Highlights & Insights¶
- Value of Problem Definition: First to define the "Free-Moving Scenario" for articulated object reconstruction, which is more practical than existing assumptions (static base, dual-state).
- Prior + Optimization Strategy: Uses off-the-shelf models (AllTracker, DINOv3, SAM) for initialization priors and optimization for precision. Neither is sufficient alone—priors are noisy, and pure optimization is hard to initialize.
- FreeArt-21 Benchmark Construction: Generated free-moving data in Sapien using VR teleoperation of PartNet-Mobility objects, covering 7 categories and 21 objects.
- 25-minute Pipeline: Processing 100 frames in 25 minutes (6min segmentation + 1min joint estimation + 18min optimization) offers high practical utility.
Limitations & Future Work¶
- Assumes only two rigid parts; multi-part structures (e.g., robotic arms) require sequential expansion.
- Dependent on multiple off-the-shelf models; cascaded errors might amplify in complex scenes. A unified feed-forward model is a potential future direction.
- Requires RGB-D input; pure RGB video is currently unsupported due to insufficient depth prediction accuracy.
- Hand occlusion during manipulation is handled to some extent, but severe occlusion remains a failure mode.
Related Work & Insights¶
- vs Video2Articulation: V2A relies on feed-forward reconstruction (Monst3R) which fails in free-moving scenarios; Ours uses optimization-based segmentation.
- vs ArticulateAnything: AA uses VLM for URDF generation but suffers from hallucinations, often predicting incorrect axes.
- vs RSRD: RSRD assumes unique motion patterns per part, which is unsuitable for articulated objects with joint constraints.

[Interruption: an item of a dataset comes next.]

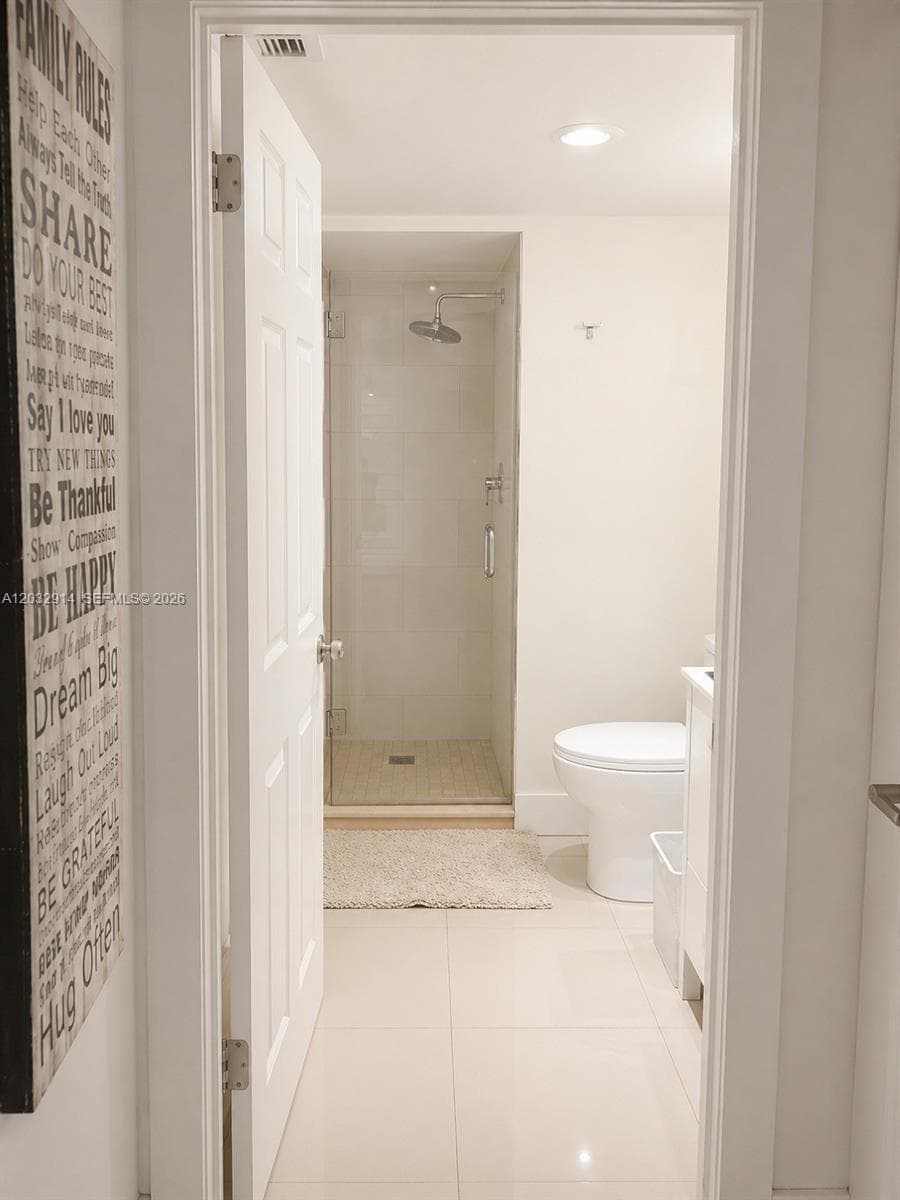 PRINCE GEORGE ARMS CONDO · #8I in Hallandale Beach - Photo 4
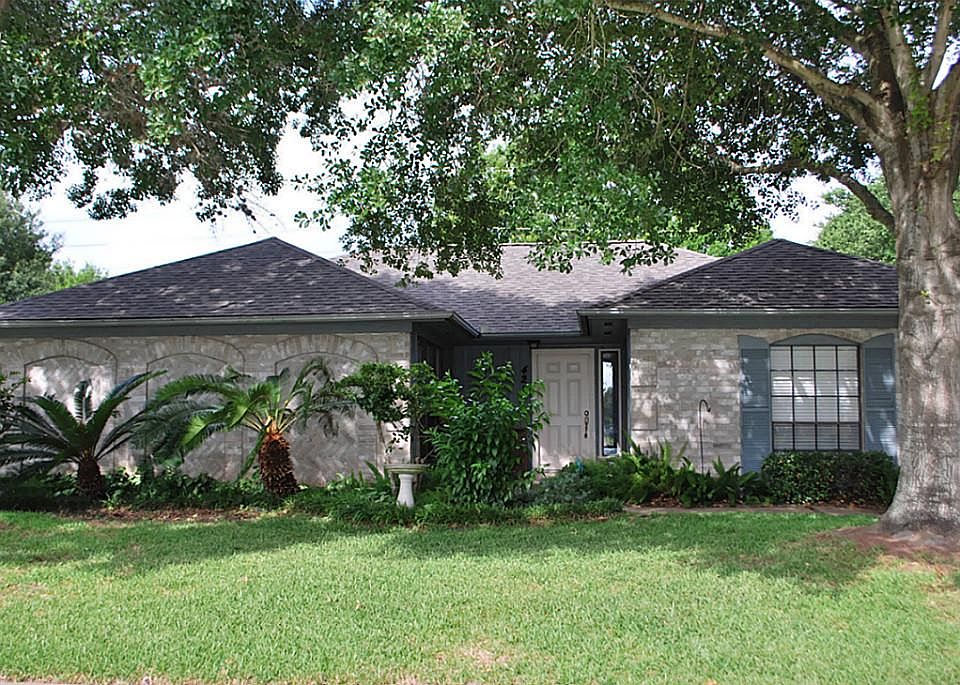 1st image of 422 Muirwood Ln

- vs Dynamic Reconstruction: Feed-forward dynamic methods (e.g., Monst3R) cannot recover precise motion in free-moving scenarios.
Rating¶
- Novelty: ⭐⭐⭐⭐ The free-moving setting is a new problem definition; the method effectively combines existing techniques non-trivially.
- Experimental Thoroughness: ⭐⭐⭐⭐⭐ Validation across self-built benchmarks, existing datasets, and real objects with detailed ablations.
- Writing Quality: ⭐⭐⭐⭐ Clear problem definition and methodology structure.
- Value: ⭐⭐⭐⭐⭐ High utility for digital twins and robot learning.